Verification and the Theory of Fact

by Rudolf Carnap and Moritz Schlick

Verification, Scientific Language, and the Theory of Fact (1920-1950s)

The second stage was developed by members of the Vienna Circle, such as Rudolf Carnap and Moritz Schlick. They introduced the concept of verification, according to which a statement is meaningful only if it can be empirically verified. Carnap, in his work The Logical Syntax of Language (1934), wrote:

“Only that which can be empirically verified is meaningful for science.”

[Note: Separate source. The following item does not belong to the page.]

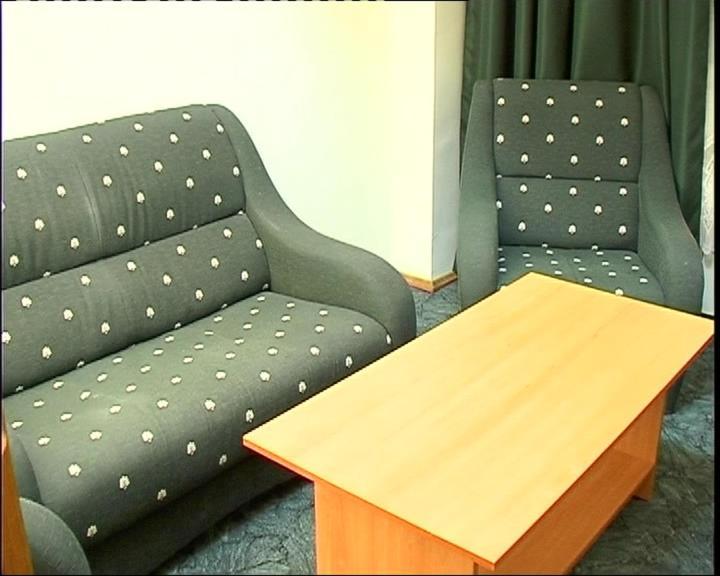 Elbrus Hotel 파자르지크 객실 사진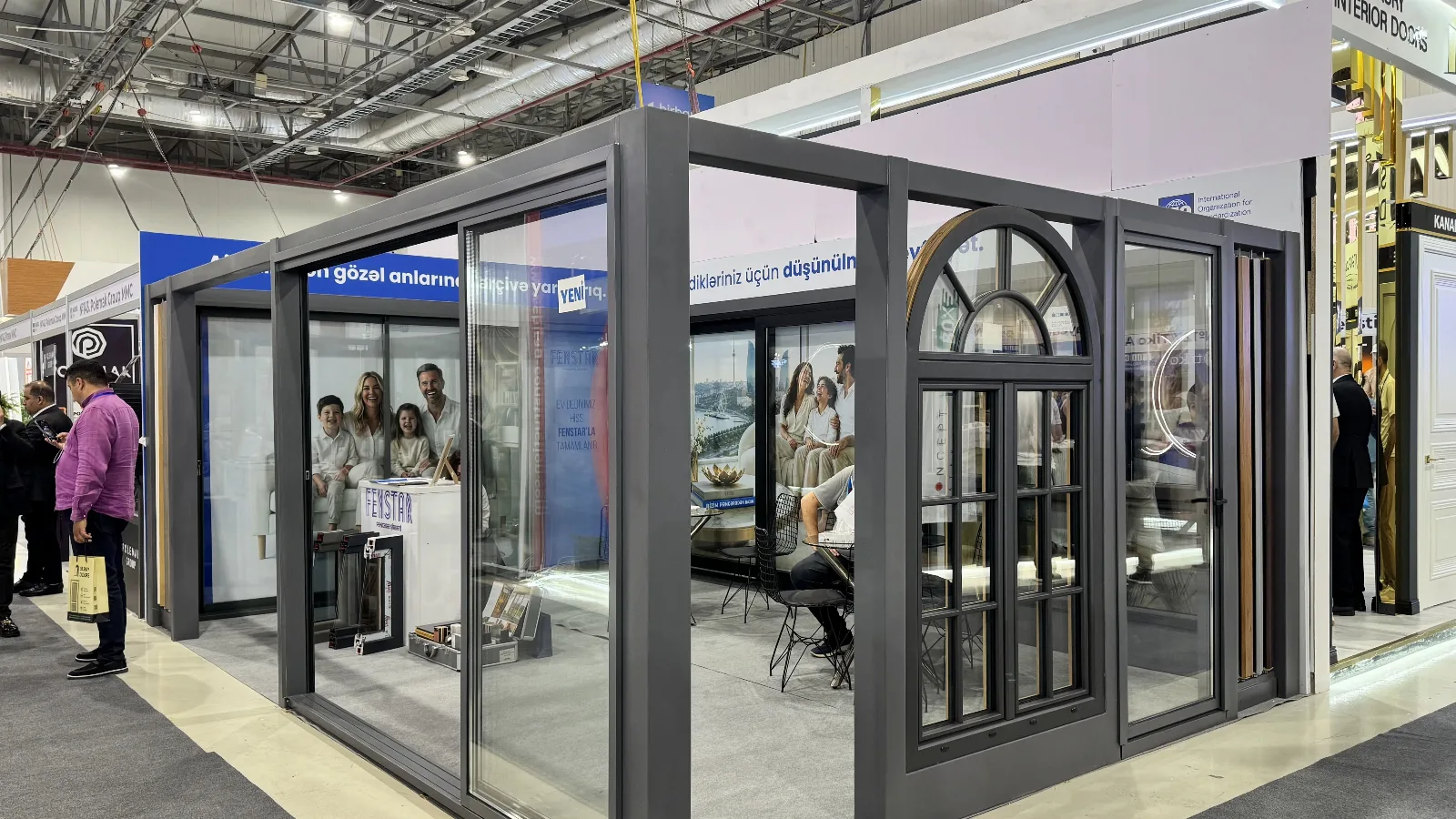 Fenstar Window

This led to an emphasis on language as a tool through which facts about reality can be known and verified. Language was seen as a means of structuring knowledge, which had to be clear and unambiguous to serve scientific purposes effectively.

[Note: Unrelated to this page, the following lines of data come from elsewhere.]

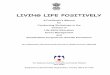 LIVING LIFE POSITIVELY - Jagdish Prasaddghs.gov.in/WriteReadData/userfiles/file/Living_Life__Positively... · ‘Living Life Positively’ is a facilitators’ manual for conducting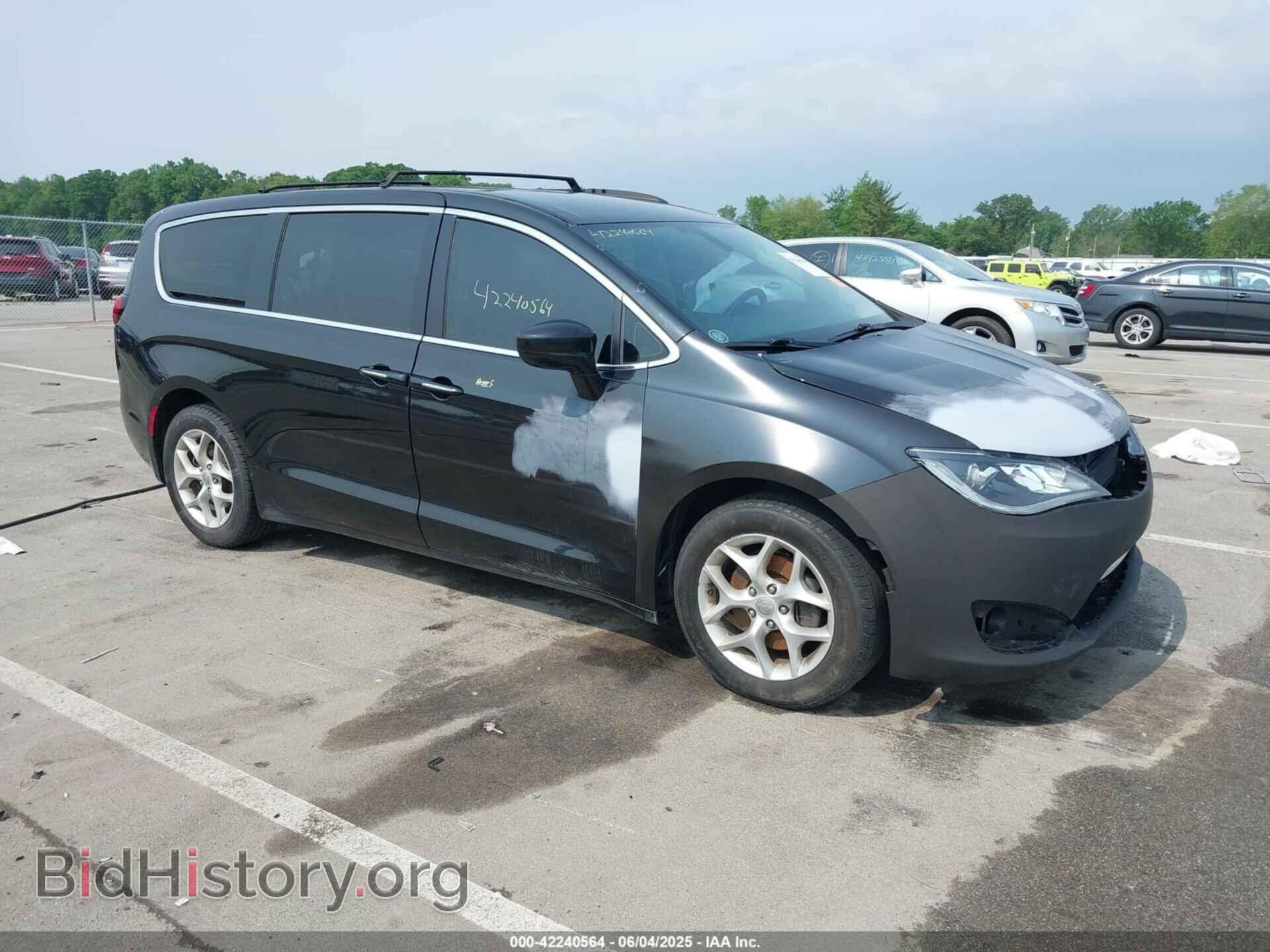 Photo 2C4RC1BG1HR516142 - CHRYSLER PACIFICA 2017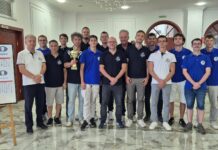ШК Алкалоид ја освои својата 28. титула, 14 во низа!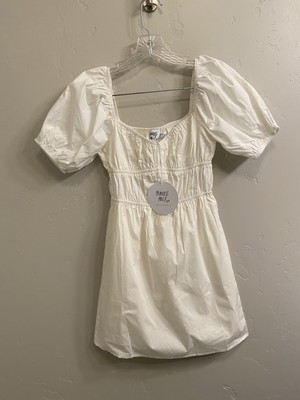 princess polly white cotton dress Princess Polly White Dresses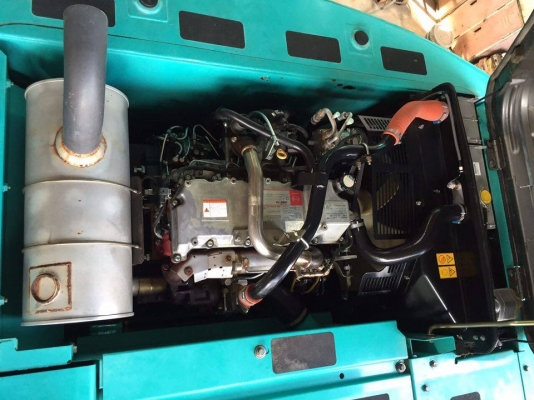 KOBELCO SK200-8 SUPER YN12 5,xxx ชม. เอกสารทะเบียน รถสวยมาก สีเดิม มีสมุดคู่มือการใช้รถพร้อม ราคา 2,190,000 บาท สนใจ 089-0854790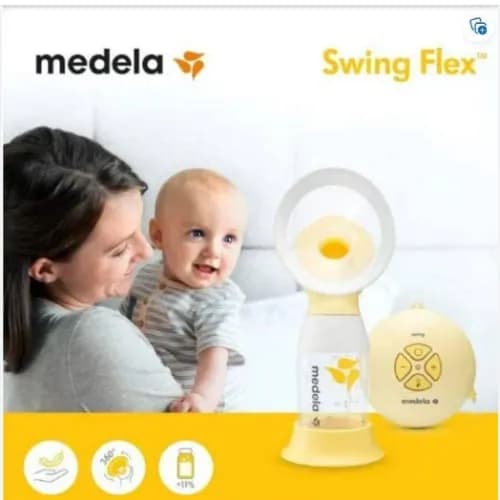 Medela Swing Flex Breast Pump 101033789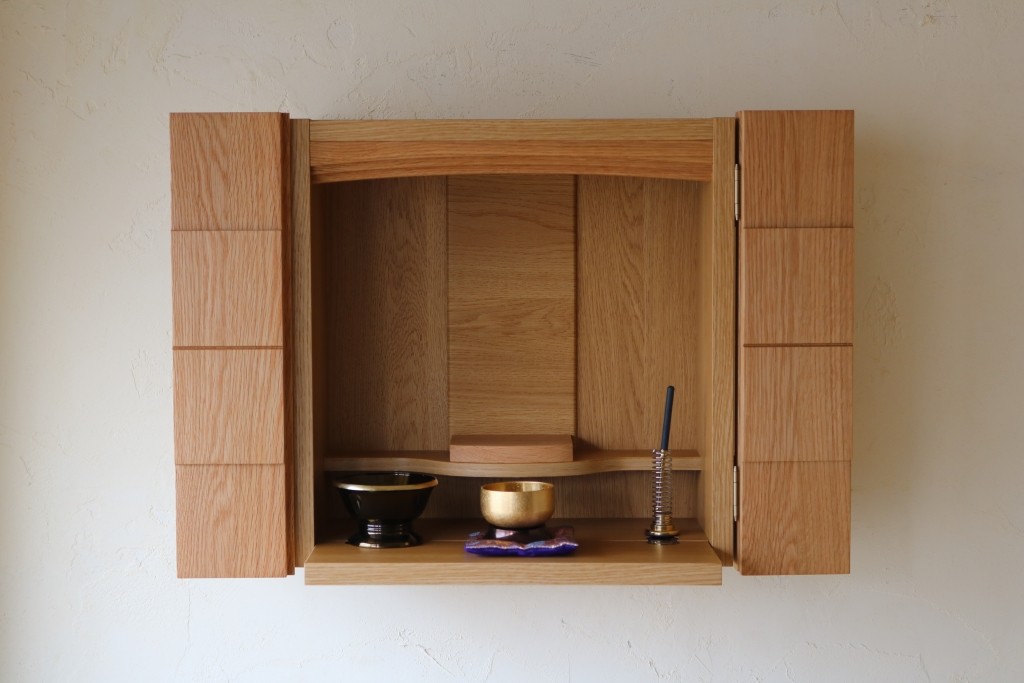 飛騨　家具　神棚　おしゃれ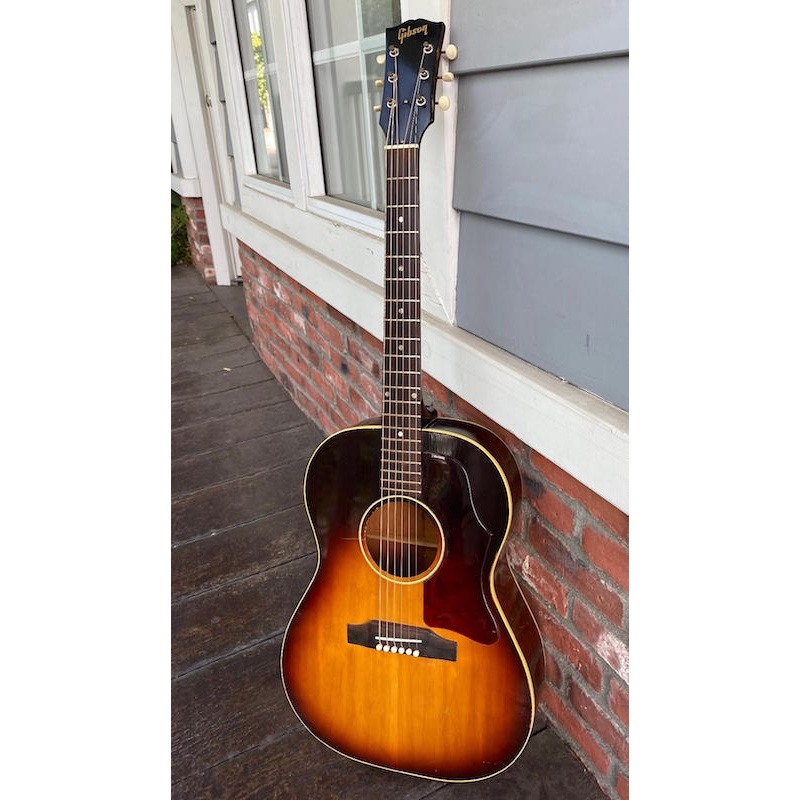 1962-gibson-lg1 1962 Gibson LG1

This stage also includes the theory of fact, developed by Lawrence Henderson, the teacher of Talcott Parsons. Henderson argued that a fact is a statement about experience, formulated within a conceptual framework. In his work The Order of Nature (1917), he wrote:

“Without a conceptual scheme, facts do not exist; they exist only as elements organized by language.”

Thus, language and conceptual frameworks determine which distinctions will be considered significant and which facts will be recognized as valid. Henderson emphasized that a fact cannot be regarded as something that exists independently of the language that describes it.